Our volunteers on Saturday and Sunday played an important part in the progress. We had a large number to turn out. It was "National Trails Day", perhaps that was a motivation? The Girls on Saturday ~ Marietta, Sue, and Pamela

Jim and Sue joined us for the first time on our section of the trail.
But they are not inexperienced! Shown above with Allen. Jim and Sue are volunteer ambassadors and crew leaders for the American Hiking Society and participate trail work in many ways. Note their "National Trails Day" t-shirts. Cool.

Sue and Alex a UNC student volunteer use fire rakes to pull back the duff!
Saturday volunteers: John, Allen, Alex, Barry, Chris, Marieta, Pamela, Jim, and Sue .
Sunday Volunteers: Barry, Ted, Alex, Allen, Shelton

Thanks to all of our regulars and especially a thank you to our new helpers!

Here Allen puts a final raking on the cuts and tread made minutes before.
In fact, as the next picture shows, Allen was pushing the contract crew as he closely followed up on their good work.

Another volunteer from off the mountain. Alex joined us both days and learned the work of the trail from the master. Here Allen oversees Alex working with the mattock.

What energy! You can push him, but he never stops smiling!

In fact getting these two friends to stop long enough for a pose is difficult.

Good friends, good spirits, and good work last weekend!

And a great appreciation from Shelton, your MSTWatauga blog moderater!

Posts for Cribbing Support

What's going on in this photo?
How do 60 six foot posts get from the road side 500 yards up the trail?
This is the Post Brigade! Thanks for the photo Jim!

On Sunday June 7 work was begun on the steep section near milepost 277. Readers might recall from last week we have 512 feet of trail which is on a steep slope near the precipice of the Parkway.
Professor Allen deHart has helped with the engineering of a post and cribbing solution to the challenges that section contains. These posts are sunk two feet deep and will eventually be cut down to proper height.

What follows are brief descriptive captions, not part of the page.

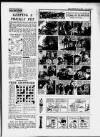 Birmingham Weekly Mercury Sunday 02 June 1963 Page 21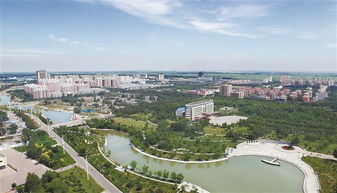 新疆五家渠市属于哪个地级市，新疆五家渠市属于哪个洲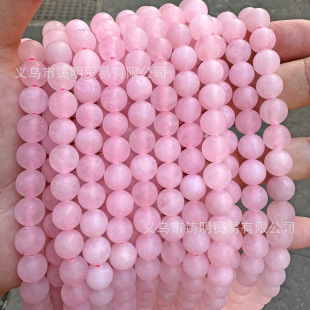 ĥɰ�M��۾�ɢ���ˮ���A���ֹ�������diy���������������l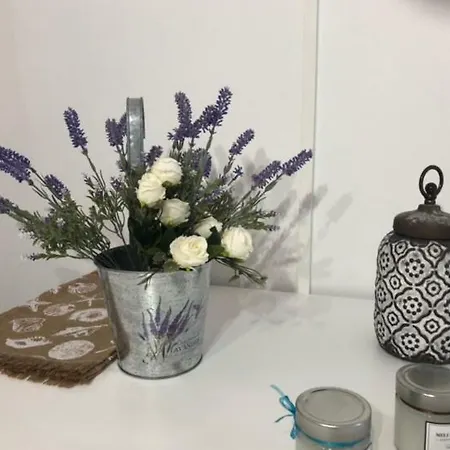 Cosy House In 1 公寓 Mykonos Town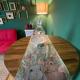 Attico White Rabbit, Turin - Foto 10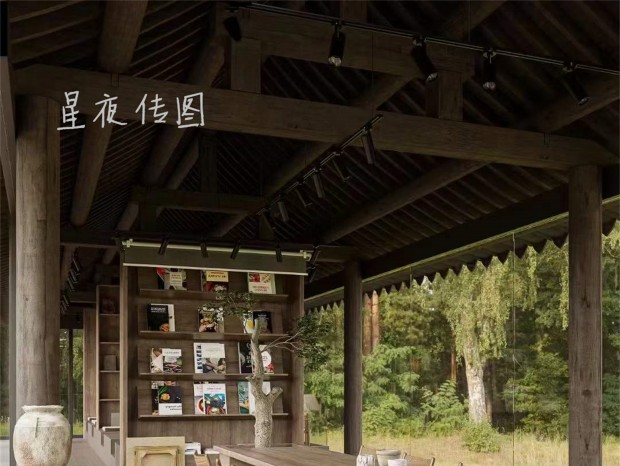 ����| ���鲻��Ϊѧ��ʲô ��������������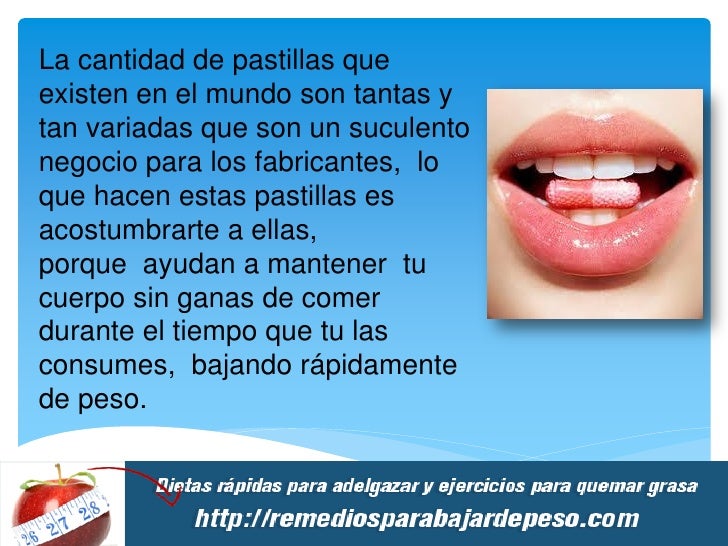 Formas saludables de bajar de peso rapido para bajar Creo, formas saludables de bajar de peso rapido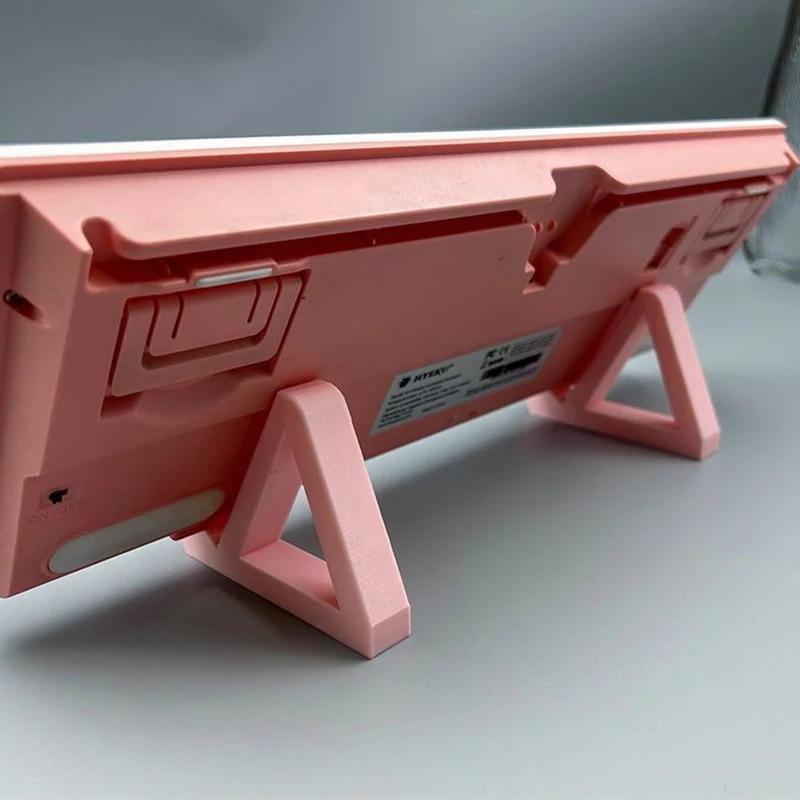 Mechanischer Tastatur-Organize – Laptop Accessories Price Bewertung und Preis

Using 4 inch round treated lumber posts we have begun to set them along the lower edge of the trail. In this stretch there are few standing trees that can be used as support for the edge cribbing.

The trail cut in this picture is just the initial standing point for the workers. The actual trail tread cut will be up at the blue/orange flag level on the left of the photo.
We will need to use approximately 56 posts in this section, locust cribbing, and rockfall kickboards for safety. It is a difficult section to design a solution.
Chris and Shelton cut cribbing along this section over the last two weeks.
We have plenty of locust sections already down and cut to length.
This serpentine locust will make several good lengths of hardwood trail side support.

Wednesday, June 3, 2009

Morning Light with MST Volunteers

When we started our day early in the morning there was a fog sitting on the edge of the ridge. An electrical storm and a hard rain had just stopped. Behind the storm a sunrise warmed mandala of prismatic light provided us with inspiration (and devotion) for the day.
Allen stepped out of his MST vehicle and into the light and deemed this to be a good day to be working on the trail. Good morning Allen!

Gerry got busy priming the chainsaw for the work ahead.
Chris worked with Barry to move a mighty timber.
While Ted held on to the up end to keep back the sliding.
Barry and Ted catch up on a season of travels (obviously not travails!)
Many old friends and volunteers enjoy working with us even for a few hours a few days each month.
Curly puts in her time to "pay back" for the joys she has had on her many trail adventures in the US and Europe!
Here Allen is busy removing bark from a locust cribbing log.
We all work hard, but being volunteers, there is always time for a break. ;-)
At 57 I am a youngster in this group whose ages are 57, 67, 76, and 83! How cool is that?!
Thanks to all our Watauga County Task Force volunteers who worked last weekend! John, Gerry, Barry, Allen, Curly, Ted, Chris, and Shelton ~ we appreciate your work efforts.